‘Mrs. America’: Was Elizabeth Banks’ Jill Ruckelshaus Really a Republican Feminist?
One the most recent episode of FX on Hulu’s Mrs. America, Jill Ruckleshaus, portrayed by Elizabeth Banks, is at the center of the episode. Was this feminist activist, shown to be a Republican, actually a conservative and a supporter of women’s rights as she is depicted in the limited series?
Headlined by Cate Blanchett as anti-feminist activist Phyliss Schlafly, the series focuses the battle to ratify the Equal Rights Amendment through the eyes of both the women who are aligned with Schlafly and second-wave feminists (portrayed by Rose Byrne, Uzo Aduba, Margo Martindale, Tracy Ullman, and more).
Jill Ruckelshaus as portrayed by Elizabeth Banks in ‘Mrs. America’

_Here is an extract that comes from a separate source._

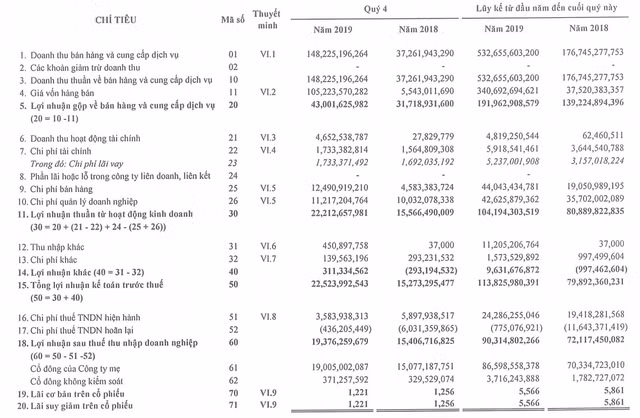 Biên lãi gộp lao dốc, Netland lỡ kế hoạch lợi nhuận 2019 Bien lai gop lao doc, Netland lo ke hoach loi nhuan 2019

More so in the background in the episodes prior to “Jill,” Banks’ Ruckleshaus is primarily in the background of the action. We don’t know entirely too much about Ruckelshaus, only that she is a Republican feminist who founded the National Women’s Political Caucus with Bella Abzug (Martindale), Shirley Chisholm (Aduba), Betty Friedan (Ullman), Gloria Steinem (Byrne), and others, spearheading most of the organization’s political outreach.
However, in the most recent episode, Ruckelshaus is at the forefront and we get a good idea of her involvement in the movement. She is shown to be allied with Betty Ford, who actually supported the ratification of the ERA as a Republican First Lady. Ruckleshaus comes directly in conflict with Schlafly and Republicans who supported Ronald Reagan as opposed to Ford. She is also shown to be the subject of sexual harassment in her attempts to sway lawmakers to support the ERA.
The Republican National Convention ended up supporting the ERA at their 1976 convention, despite the protests of Schlafly and her camp. However, though Ruckleshaus supported abortion rights, the RNC reiterated its stance of being against abortion.
Ruckleshaus in real life
As depicted in the series, Ruckleshaus was a moderate Republican who supported feminist ideals. In real-life, however, Ruckleshaus was a mostly little-known figure and was not at the forefront like her contemporaries. While a lot of Ruckelshaus’ views and activities in the series are based in fact, the show does take a few liberties with a few events, such as a fictional meeting between Rucklesahus and Schlafly.
She was an advisor to several presidents on women’s rights and helped push their agenda. Ruckelshaus especially worked alongside First Lady Ford, as shown in the series, and First Lady Rosalynn Carter, to advocate for women’s rights. Though the Republican Party initially supported the ERA, it began to back away from it. Ruckleshaus was not having that and led a protest of thousands of ERA supporters outside the 1980 Republican National Convention. “My party has endorsed the Equal Rights Amendment for 40 years. Dwight Eisenhower endorsed ERA. Richard Nixon endorsed ERA. Gerald Ford endorsed the ERA. But something happened in Detroit last week. Give me back my party,” she said.
Though she served as the commissioner for the U.S. Commission on Civil Rights under Reagan, Ruckleshaus says she was “fired for not being Republican enough.” She said that she didn’t think there was enough attention on race issues.
Ruckleshaus told C-SPAN in a 2005 interview with her husband, “I disagreed with some of the social policies during the Reagan administration. I didn’t think there was enough emphasis on Civil Rights issues, black and white disparities. And the Civil Rights Commission had historically always been aimed in that direction, and during the time I served, the majority party, then the Republicans, the presidential party, was the majority in the Civil Rights commission, and we weren’t doing what I thought we ought to be doing, which was addressing those issues.”
Mrs. America airs new episodes each week via FX on Hulu.